____ Input records

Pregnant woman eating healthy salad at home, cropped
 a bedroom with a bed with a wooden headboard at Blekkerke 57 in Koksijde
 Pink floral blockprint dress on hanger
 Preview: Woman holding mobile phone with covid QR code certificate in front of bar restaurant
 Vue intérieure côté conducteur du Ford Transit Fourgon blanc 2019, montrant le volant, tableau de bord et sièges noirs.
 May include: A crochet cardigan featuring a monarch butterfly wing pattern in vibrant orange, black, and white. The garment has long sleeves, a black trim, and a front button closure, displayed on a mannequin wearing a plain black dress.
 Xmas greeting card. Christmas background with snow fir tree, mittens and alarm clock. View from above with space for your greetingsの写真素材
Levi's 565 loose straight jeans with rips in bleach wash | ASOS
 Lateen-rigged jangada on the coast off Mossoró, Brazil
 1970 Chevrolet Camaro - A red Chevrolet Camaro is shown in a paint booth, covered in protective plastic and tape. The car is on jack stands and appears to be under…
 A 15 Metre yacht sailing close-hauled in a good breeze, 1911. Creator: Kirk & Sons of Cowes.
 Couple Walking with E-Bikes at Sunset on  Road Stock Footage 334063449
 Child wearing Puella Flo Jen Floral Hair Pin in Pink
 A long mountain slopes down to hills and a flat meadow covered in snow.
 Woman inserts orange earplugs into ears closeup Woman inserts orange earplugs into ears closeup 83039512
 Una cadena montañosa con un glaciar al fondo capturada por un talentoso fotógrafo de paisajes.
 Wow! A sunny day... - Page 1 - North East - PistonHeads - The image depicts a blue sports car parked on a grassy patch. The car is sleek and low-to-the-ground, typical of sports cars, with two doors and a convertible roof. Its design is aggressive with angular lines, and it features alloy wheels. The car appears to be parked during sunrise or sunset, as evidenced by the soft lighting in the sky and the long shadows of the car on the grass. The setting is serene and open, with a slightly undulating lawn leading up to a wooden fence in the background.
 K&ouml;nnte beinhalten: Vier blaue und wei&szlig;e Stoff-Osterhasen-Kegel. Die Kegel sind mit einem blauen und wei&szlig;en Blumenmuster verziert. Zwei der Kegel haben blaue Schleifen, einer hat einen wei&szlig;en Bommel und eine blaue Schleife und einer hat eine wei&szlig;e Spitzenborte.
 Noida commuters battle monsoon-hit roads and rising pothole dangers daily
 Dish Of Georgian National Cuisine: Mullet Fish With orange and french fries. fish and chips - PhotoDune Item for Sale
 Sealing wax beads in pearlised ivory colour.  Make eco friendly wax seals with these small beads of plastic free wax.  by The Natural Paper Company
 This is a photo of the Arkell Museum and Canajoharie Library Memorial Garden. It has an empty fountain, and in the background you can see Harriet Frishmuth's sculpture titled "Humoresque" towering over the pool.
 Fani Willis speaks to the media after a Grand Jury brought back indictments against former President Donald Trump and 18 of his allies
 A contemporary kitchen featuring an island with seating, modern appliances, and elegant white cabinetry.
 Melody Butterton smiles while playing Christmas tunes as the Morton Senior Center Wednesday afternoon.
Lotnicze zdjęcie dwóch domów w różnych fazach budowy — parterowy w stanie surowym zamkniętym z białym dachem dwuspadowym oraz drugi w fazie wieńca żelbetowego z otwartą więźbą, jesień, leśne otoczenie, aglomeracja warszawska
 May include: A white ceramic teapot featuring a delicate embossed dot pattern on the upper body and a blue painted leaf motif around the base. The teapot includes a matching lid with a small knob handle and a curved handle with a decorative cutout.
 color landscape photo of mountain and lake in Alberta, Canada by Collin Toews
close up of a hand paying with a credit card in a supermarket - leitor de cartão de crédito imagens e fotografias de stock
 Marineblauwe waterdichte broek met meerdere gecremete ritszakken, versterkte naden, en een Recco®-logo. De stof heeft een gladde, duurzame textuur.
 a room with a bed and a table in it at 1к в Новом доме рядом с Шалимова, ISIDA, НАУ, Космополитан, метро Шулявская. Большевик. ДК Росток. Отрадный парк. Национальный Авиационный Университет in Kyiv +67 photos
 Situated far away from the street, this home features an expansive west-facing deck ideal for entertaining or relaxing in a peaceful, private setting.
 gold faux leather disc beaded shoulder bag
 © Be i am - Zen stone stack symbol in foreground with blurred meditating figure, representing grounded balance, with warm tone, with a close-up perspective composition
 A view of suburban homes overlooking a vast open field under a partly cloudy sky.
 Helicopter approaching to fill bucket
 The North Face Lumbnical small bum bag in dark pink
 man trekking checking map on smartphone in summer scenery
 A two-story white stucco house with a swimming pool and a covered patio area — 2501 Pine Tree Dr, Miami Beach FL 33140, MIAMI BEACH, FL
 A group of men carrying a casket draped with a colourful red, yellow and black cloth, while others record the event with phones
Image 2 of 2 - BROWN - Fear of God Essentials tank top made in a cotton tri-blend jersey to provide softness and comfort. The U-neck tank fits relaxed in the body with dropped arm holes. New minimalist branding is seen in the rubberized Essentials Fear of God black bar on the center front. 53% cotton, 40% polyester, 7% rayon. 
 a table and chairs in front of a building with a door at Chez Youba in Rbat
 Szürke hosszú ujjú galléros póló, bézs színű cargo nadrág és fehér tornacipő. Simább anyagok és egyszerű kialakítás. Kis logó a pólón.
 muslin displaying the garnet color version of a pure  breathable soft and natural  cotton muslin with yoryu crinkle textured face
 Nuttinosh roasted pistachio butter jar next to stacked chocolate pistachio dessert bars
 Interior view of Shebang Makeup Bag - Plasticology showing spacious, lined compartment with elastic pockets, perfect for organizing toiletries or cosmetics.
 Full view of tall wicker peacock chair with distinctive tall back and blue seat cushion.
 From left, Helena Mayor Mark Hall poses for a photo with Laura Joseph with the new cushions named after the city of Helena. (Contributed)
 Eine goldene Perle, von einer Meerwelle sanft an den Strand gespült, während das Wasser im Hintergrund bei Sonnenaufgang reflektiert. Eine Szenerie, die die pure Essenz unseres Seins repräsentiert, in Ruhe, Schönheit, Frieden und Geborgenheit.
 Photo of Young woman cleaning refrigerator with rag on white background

________

Task item. Only the lines from the beginning of the data above through the line containing "Lateen-rigged jangada on" should be repeated, exactly as they appear.

Expected answer.
Pregnant woman eating healthy salad at home, cropped
 a bedroom with a bed with a wooden headboard at Blekkerke 57 in Koksijde
 Pink floral blockprint dress on hanger
 Preview: Woman holding mobile phone with covid QR code certificate in front of bar restaurant
 Vue intérieure côté conducteur du Ford Transit Fourgon blanc 2019, montrant le volant, tableau de bord et sièges noirs.
 May include: A crochet cardigan featuring a monarch butterfly wing pattern in vibrant orange, black, and white. The garment has long sleeves, a black trim, and a front button closure, displayed on a mannequin wearing a plain black dress.
 Xmas greeting card. Christmas background with snow fir tree, mittens and alarm clock. View from above with space for your greetingsの写真素材
Levi's 565 loose straight jeans with rips in bleach wash | ASOS
 Lateen-rigged jangada on the coast off Mossoró, Brazil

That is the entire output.